These results were obtained on a 3 plus year old 1.1 GHz Pentium M laptop. More recent machines should show much better absolute results but similar proportional improvements. The other sinc-based converters will also show similar proportional improvements.

A new version of Secret Rabbit Code containing this optimisation should probably be released some time during the next couple of days.

Posted at: 08:16 | Category: CodeHacking/SecretRabbitCode | Permalink

Sat, 18 Oct 2008

Foobar 2000 and the Rabbit.

Foobar 2000 (see also the Wikipedia entry) is a media player for a legacy operating system commonly known as Microsoft Windows. Secret Rabbit Code is an audio sample rate converter that I wrote, and released under the terms of the GNU GPL in 2002.

As the sole author and copyright owner of Secret Rabbit Code I have also made it available under a commercial use license (PDF) that is currently earning me a small income. However, developing Secret Rabbit Code was difficult, took a huge amount of research and the development of many prototypes which were thrown away. Now, after 6 years, that income is coming close to covering the cost of developing that initial version. It still has some way to go to cover the cost of the subsequent maintenance and the improvements I have made.

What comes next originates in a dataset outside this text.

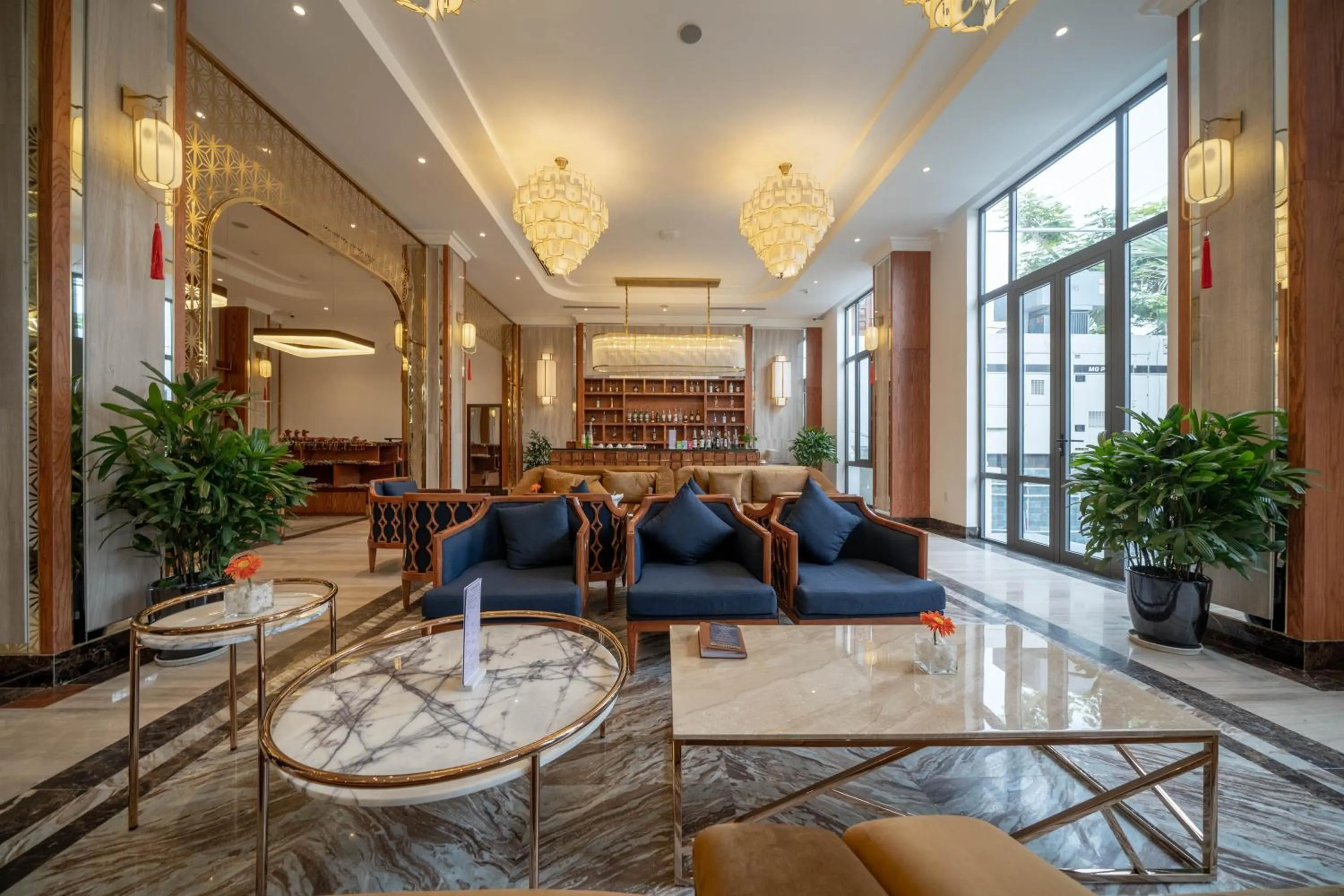 Living room in Le Pavillon Hoi An Gallery Hotel & Spa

In 2005 I became aware that someone had released a binary only plugin for Foobar 2000 that used Secret Rabbit Code to do sample rate conversion. The fact that this was a binary only release was not the only problem. There was also the problem of Foobar being under a license that was not GPL compatible.

First off, I emailed the ISP in France where the binary was being hosted and asked for the download to be taken down. I also tried to track down the author of the plugin since authorship was not obvious from the download. Within a day or two I was able to track him down via the Hydrogen Audio forums.

The final result of the discussion on that forum was that I decided I would write and release a Secret Rabbit Code based plugin for Foobar. This of course involved development for windows on windows a platform I rarely if ever use and which I actually prefer not to work on. However after some 10 or 12 hours work I had a working plugin that I posted on my website. I also added a Paypal donation button on the page hoping to get paid for the time and effort I put into creating the plugin.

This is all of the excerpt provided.